■ Work instructions ■
Please copy the records exactly as they appear, with all pictures left out.

■ Recorded data ■
· · · · ·
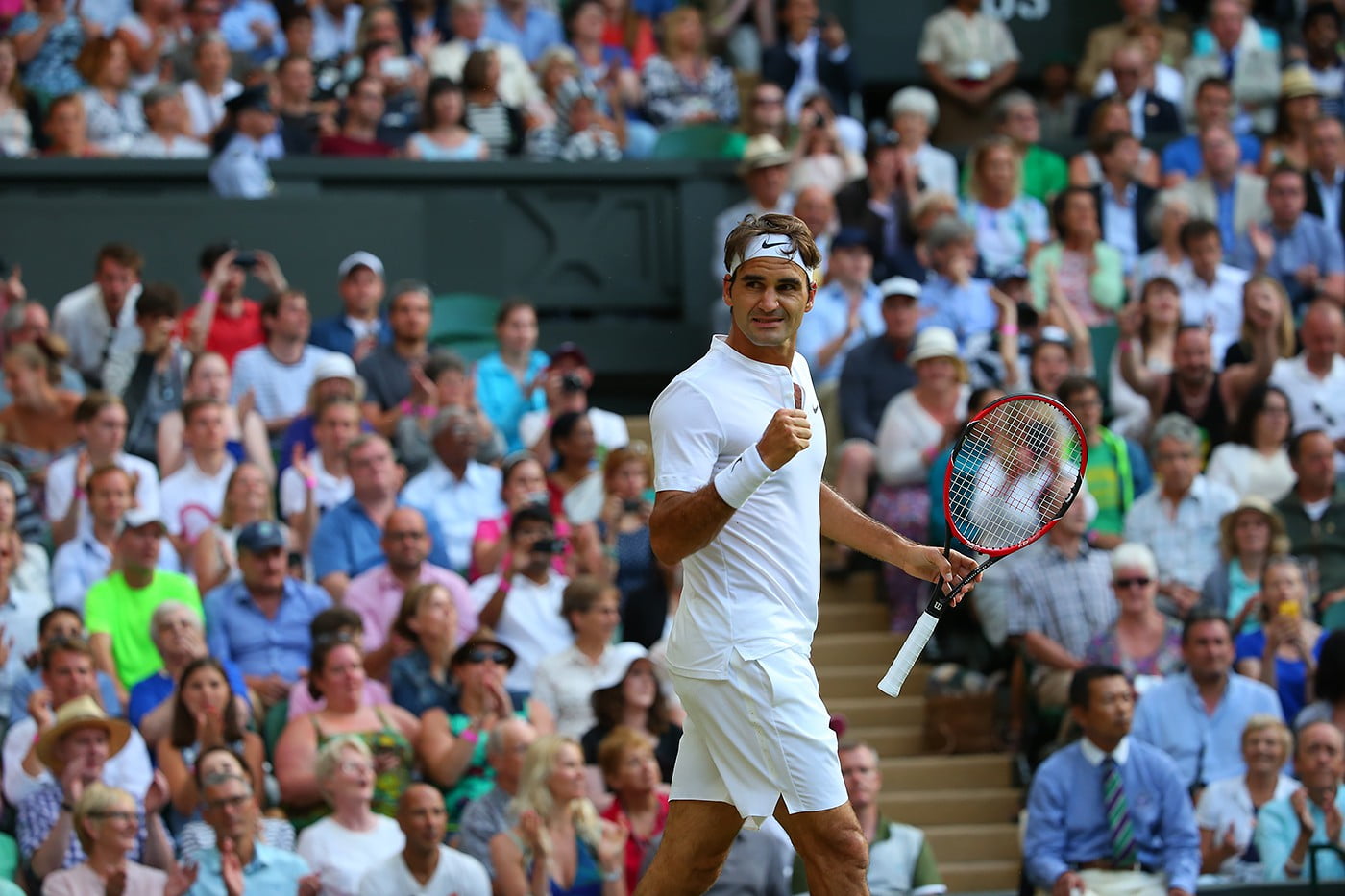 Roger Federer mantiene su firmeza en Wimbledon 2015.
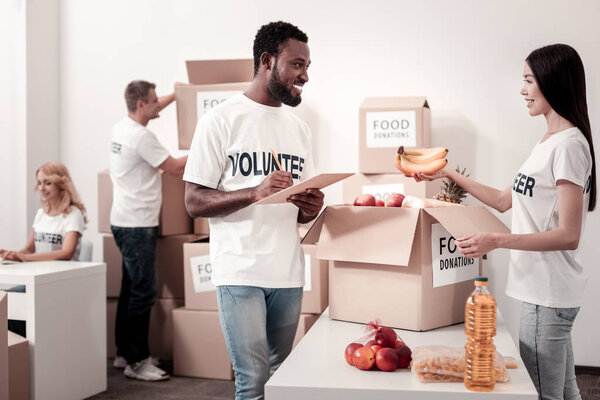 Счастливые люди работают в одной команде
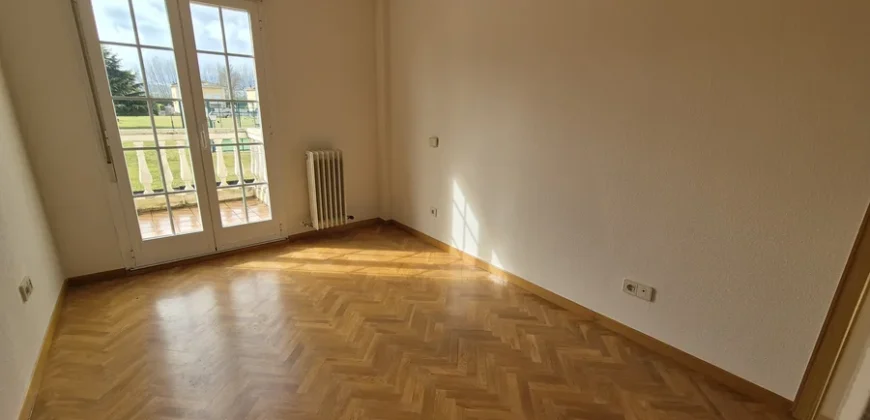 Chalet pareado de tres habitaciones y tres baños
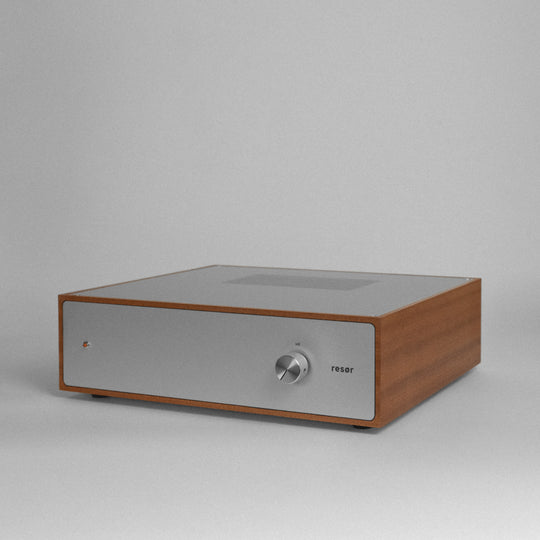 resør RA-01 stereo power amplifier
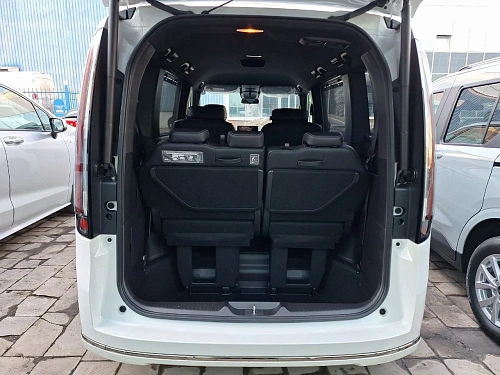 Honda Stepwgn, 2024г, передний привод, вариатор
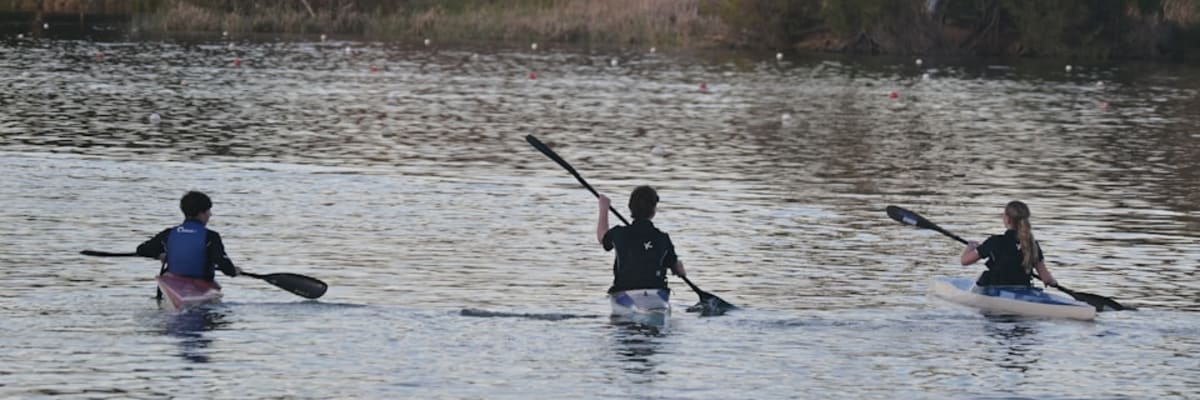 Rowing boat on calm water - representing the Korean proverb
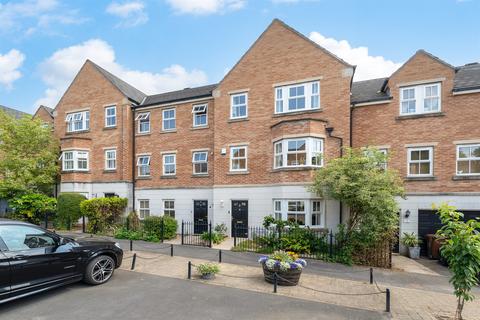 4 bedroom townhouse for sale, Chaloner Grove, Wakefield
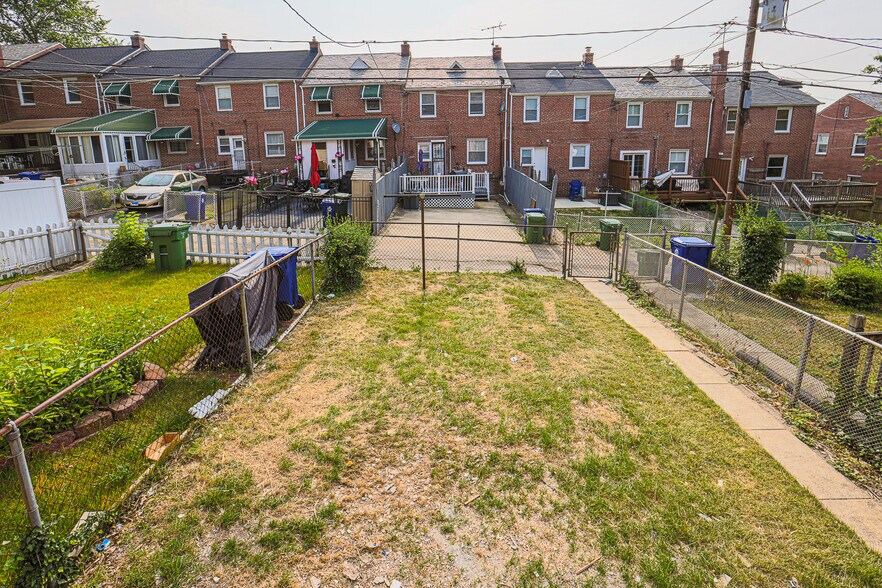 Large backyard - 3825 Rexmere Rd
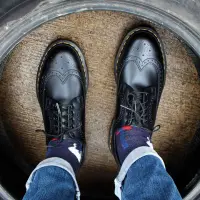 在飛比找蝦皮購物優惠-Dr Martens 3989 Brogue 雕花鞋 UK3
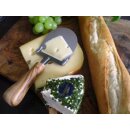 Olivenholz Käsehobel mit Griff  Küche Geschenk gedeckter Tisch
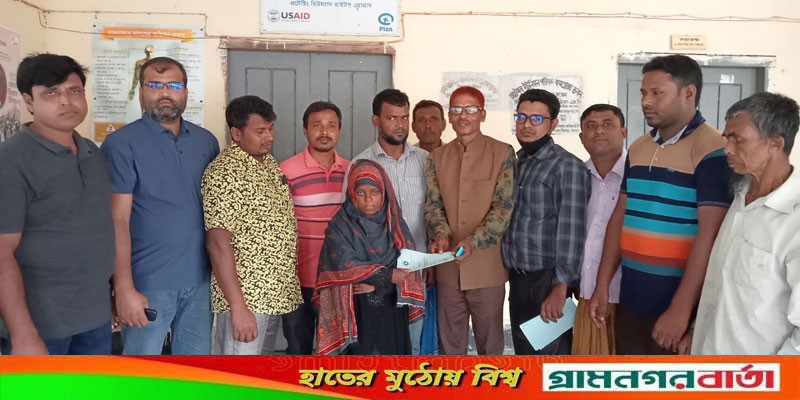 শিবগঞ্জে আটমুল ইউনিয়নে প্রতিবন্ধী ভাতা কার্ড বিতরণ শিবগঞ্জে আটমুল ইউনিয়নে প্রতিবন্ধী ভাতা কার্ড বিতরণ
· · · · ·
■ Answer section ■
 Roger Federer mantiene su firmeza en Wimbledon 2015.
 Счастливые люди работают в одной команде
 Chalet pareado de tres habitaciones y tres baños
 resør RA-01 stereo power amplifier
 Honda Stepwgn, 2024г, передний привод, вариатор
 Rowing boat on calm water - representing the Korean proverb
 4 bedroom townhouse for sale, Chaloner Grove, Wakefield
 Large backyard - 3825 Rexmere Rd
 在飛比找蝦皮購物優惠-Dr Martens 3989 Brogue 雕花鞋 UK3
 Olivenholz Käsehobel mit Griff  Küche Geschenk gedeckter Tisch
 শিবগঞ্জে আটমুল ইউনিয়নে প্রতিবন্ধী ভাতা কার্ড বিতরণ শিবগঞ্জে আটমুল ইউনিয়নে প্রতিবন্ধী ভাতা কার্ড বিতরণ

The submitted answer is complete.